Re: Statistics Import and Export - Mailing list pgsql-hackers

From Bruce Momjian
Subject Re: Statistics Import and Export
Date
Msg-id Zz0T1BENIFDnXmwf@momjian.us
Whole thread Raw
In response to Re: Statistics Import and Export  (Corey Huinker <corey.huinker@gmail.com>)
List pgsql-hackers
On Tue, Nov 19, 2024 at 03:47:20PM -0500, Corey Huinker wrote:
>     I don't have a strong opinion here, but I suspect that if I was creating
>     vacuumdb from scratch, I'd have suggested a --missing-only flag that would
>     only work for --analyze-only/--analyze-in-stages.  That way, folks can
>     still regenerate statistics if they want, but we also have an answer for
>     folks who use pg_upgrade and have extended statistics.
> 
> 
> (combining responses to Bruce's para about surprise calculus and Nathan here)
> 
> I agree that a clean API is desirable and a goal. And as I stated before, a new
> flag (--analyze-missing-in-stages / --analyze-post-pgupgrade, etc) or a flag
> modifier ( --missing-only ) was my first choice.

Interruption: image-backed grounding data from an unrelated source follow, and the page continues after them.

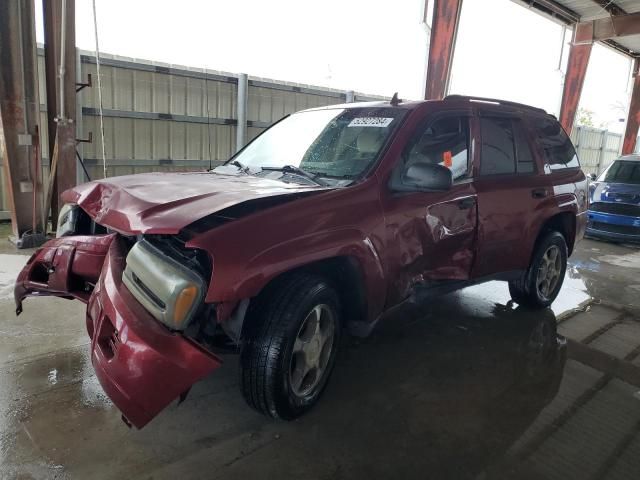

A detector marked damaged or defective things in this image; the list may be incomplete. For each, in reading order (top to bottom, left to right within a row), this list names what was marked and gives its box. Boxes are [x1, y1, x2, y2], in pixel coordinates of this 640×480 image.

broken headlight [55, 202, 79, 238]
dented hood [63, 171, 330, 234]
detached front bumper [588, 210, 640, 242]
damaged red suv [15, 94, 588, 428]
detached front bumper [86, 238, 222, 430]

Yes, after a clean API is designed, you can then consider surprise
calculus.  This is an issue not only for this feature, but for all
Postgres changes we consider, which is why I think it is worth stating
this clearly.  If I am thinking incorrectly, we can discuss that here too.

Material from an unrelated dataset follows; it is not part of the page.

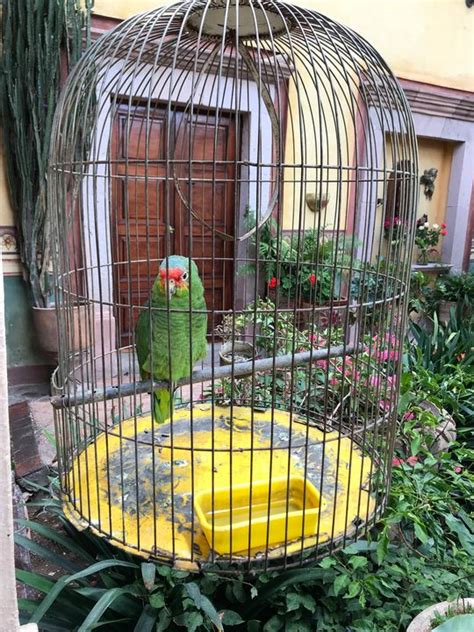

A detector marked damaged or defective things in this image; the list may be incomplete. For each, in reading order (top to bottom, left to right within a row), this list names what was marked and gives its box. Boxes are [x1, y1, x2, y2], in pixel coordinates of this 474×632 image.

rusty metal cage [49, 0, 418, 572]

> But if we're going to go that route, we have a messaging problem. We need to
> reach our customers who plan to upgrade, and explain to them that the
> underlying assumption behind running vacuumdb has gone away for 99% of them,
> and that may be 100% in the next version, but for that 99% running vacuumdb in
> the old way now actively undoes one of the major improvements to pg_upgrade,
> but this one additional option keeps the benefits of the new pg_upgrade without
> the drawbacks.

How much are we supposed to consider users who do not read the major
release notes?  I realize we might be unrealistic to expect that from
the majority of our users, but I also don't want to contort our API to
adjust for them.

> That, and once we have extended statistics importing on upgrade, then the need
> for vacuumdb post-upgrade goes away entirely. So we'll have to re-message the
> users with that news too.
> 
> I'd be in favor of this, but I have to be honest, our messaging reach is not
> good, and takes years to sink in. Years in which the message will change at
> least one more time. And this outreach will likely confuse users who already
> weren't (and now shouldn't be) using vacuumdb. In light of that, the big risk
> was that an action that some users learned to do years ago was now actively
> undoing whatever gains they were supposed to get in their upgrade downtime, and
> that downtime is money to them, hence the surprise calculus.

That is a big purpose of the major release notes.  We can even list this
as an incompatibility in the sense that the procedure has changed.

> One other possibilities we could consider:
> 
> * create a pg_stats_health_check script that lists tables missing stats, with
> --fix/--fix-in-stages options, effectively replacing vacuumdb for those
> purposes, and then crank up the messaging about that change. The "new shiny"
> effect of a new utility that has "stats", "health", and "check" in the name may
> be the search/click-bait we need to get the word out effectively. That last
> sentence may sound facetious, but it isn't, it's just accepting how search
> engines and eyeballs currently function. With that in place, we can then change
> the vacuumdb documentation to be deter future use in post-upgrade situations.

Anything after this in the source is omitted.